Reviewed by Cliff Homewood

I own a Tom Baker scarf.  Am old enough to have read The Star Beast on it’s first release.  Although good enough to remember, I don’t think it’s that memorable.  I would have chosen Abslom Daak, Dalek Killer as the best of the comics. Not a ‘Doctor’ story, but hopefully we will get a good adaptation with Disney’s penchant for spin offs.  It’s a simple enough tale, one of love and vengeance, however emotions we can all understand so resonant. ‘The Star Beast’ should be commended for retaining the original’s visuals and inviting the creators onto set (Pat Mills and Dave Gibbons.)

I didn’t approve of Russell T Davies’ (RTD) return, it felt regressive.  I would have chosen J Michael Straczynski.  However Davies has proven he’s a great writer time after time and having the writer of Years and Years in charge of Doctor Who?  Yes please.

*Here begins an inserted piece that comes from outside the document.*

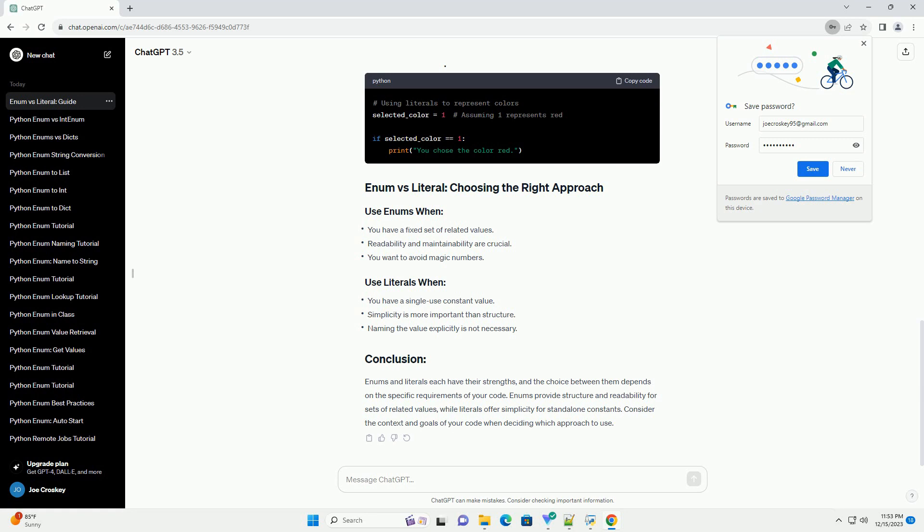Enums and literals each have their strengths, and the choice between them depends on the specific requirements of your code. Enums provide structure and readability for sets of related values, while literals offer simplicity for stand-alone constants. Consider the context and goals of your code when deciding which approach to use.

So onto the latest offering and return of a favoured Doctor.

The new title credits are great and we are off!

Starts nice and peppy, with the Doctor constantly bumping into past references.  A sense of mystery building.  Camden Market makes a pleasant change as the Jubilee was using the usual locations.  Ruth Madeley, as new semi-regular Scientific Adviser Shirley Bingham, is good casting and what the series needed, not picking on Davros (poor old Davros!).  I like her blinged up wheelchair, a Hero is born!  Been too long when you think the last wheelchair-bound hero from Doctor Who was way back in ‘The Dalek Invasion of Earth’ (1964).

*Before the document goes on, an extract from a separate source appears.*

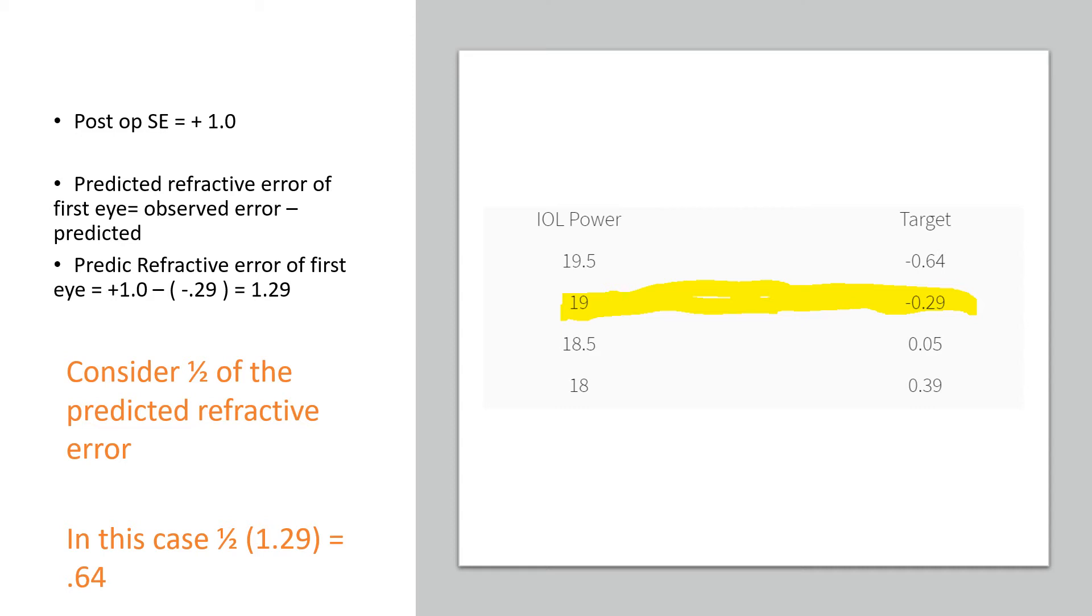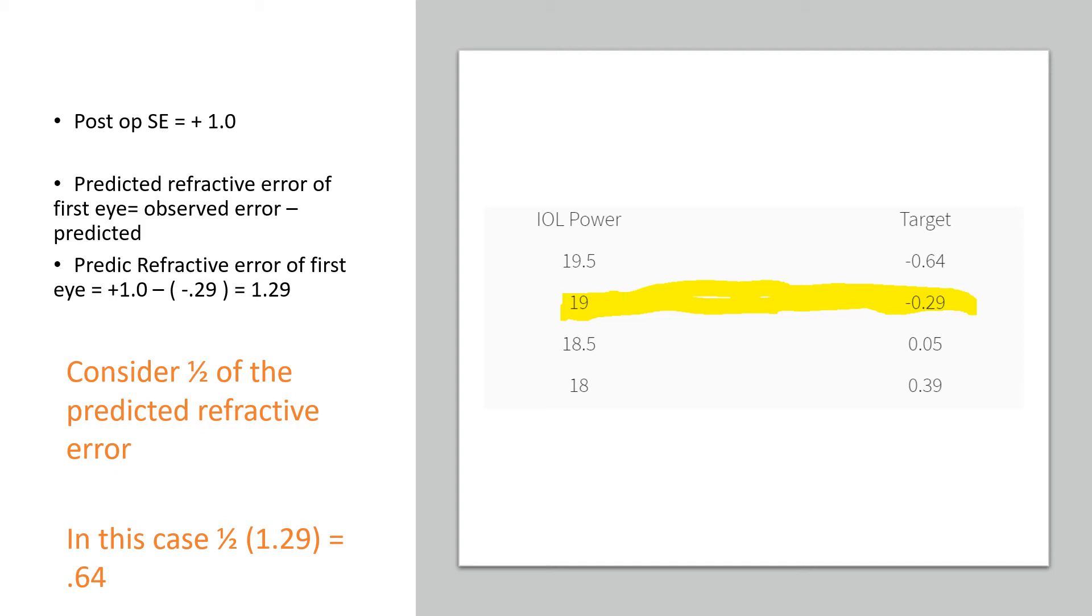To understand the predicted refractive error of the first eye, it is the observed error, in this case plus one diopter, minus the predicted value. For the first eye, the predicted value was minus 0.29 with the 19 diopter IOL. So the refractive error is plus one minus minus 0.29, which equals 1.29. You might be thinking the error is plus one diopter, but it's not just plus one diopter. You have to take into consideration what was the predicted value and what the patient landed up with. The predicted refractive error in this case is 1.29.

The Meep is so cute.  I liked the ET reference.  Miriam Margoyles was excellent as the Meep, and nice to have her in our Who family now, hopefully she might be persuaded to go to the Weekender one day!  If only we’d had Miriam Margoyles as the Doctor.  The programme would have to been x-rated though. ‘Did I tell you about the time I wanked off a Dalek? I realised the problem is their casings have no sexual organs and that’s why they are so pent up.’

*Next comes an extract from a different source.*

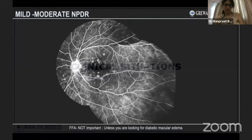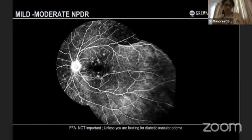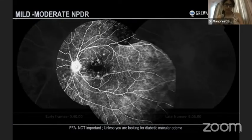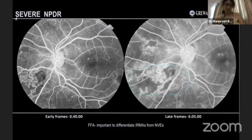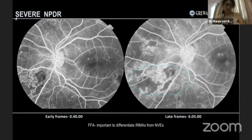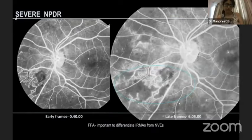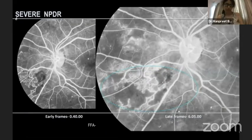In case of mild to moderate NPDR, you don't need an angiogram unless there is an associated DME and you want to know the details. FFA in mild to moderate NPDR is not indicated. In case of severe NPDR, at times it helps you to differentiate it from early PDR. The early frame of fluorescein angiography here depicts an intra-retinal microvascular abnormality seen in the nasal retina, which clearly does not leak in the late phase, thus ruling out NVE.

I enjoyed it very much for the first 30 mins, with a nice light touch and the story building.

I don’t like when the Doctor can suddenly do something he’s never done before and never does again (Vulcan mind-meld in ‘The Girl in the Fireplace’ for example) which would be so useful elsewhere.  Time will tell if his arsenal of tricks has improved.  Russell T Davies never seems that concerned about logical consistency.  The new budget can be seen on screen and nice to have the Shadow Proclamation referenced.

Some great acting from David Tennant and Catherine Tate in this episode, I warn you, they make you cry. How Russell T Davies gets out of the ‘If Donna remembers the Doctor she dies’ issue may give a clue to how well he’ll escape the ‘Tennant’s face has returned’ conundrum – properly explained away or just a bit of technobabble?  I needn’t have worried, a fairly satisfactory reason is provided.

It’s a good romp but not perfect. There’s quite a lot of wokeness for one episode. When it comes to integrating that agenda there’s a right way and a wrong way. And Davies pulls off both! A conversation with a trans character telling the Doctor not to just assume gender?  In character.  Fine (although I didn’t realise that the character was transgender hence my confusion at certain scenes!)  But an alien newly arrived to the planet stating, ‘My chosen pronoun is the definite article. I am always the Meep.’  That’s clunky, it doesn’t sound natural.  How is the Meep meant to have picked up such intricacies of modern social phrasing in the little time they were here? The TARDIS provides translations, does it also provide correct social conditioning?  That would be wrong. Shame later there is a display of sexism in an episode that tries so hard to be right.

The story doesn’t seem to make much sense, too OTT, but is emotional.  I forgot that RTD writes like that, in serious drama he makes things feel realistic but on Who he doesn’t care.  RTD is known for his indulgences. I think Tennant’s Doctor is still saying goodbye somewhere as RTD believed he had time to knock at the door of everyone he had ever known before he died.  Later scenes feel rushed with situations occurring without full explanation.  I wasn’t impressed with the Doctor being so blasé with Donna’s life.  He knows if she remembers him she’ll die, but waggle an electronic screwdriver in front of her?  She’ll be fine.  In fact, get her to hold it.  Just don’t call yourself the Doctor.  You could say it’s for comic effect, I don’t agree when it undermines character.

An enjoyable episode, showing Russell T Davies’ strengths and weaknesses as a writer.  For the 60th Anniversary episode there were a disappointing lack of other Doctor cameos.  Hopefully they are coming.  A touch of Ncuti would be nice.  It’s good that Doctor Who’s being progressive, SF should be forward thinking, but these elements should feel as if they occurred naturally and not wedged in.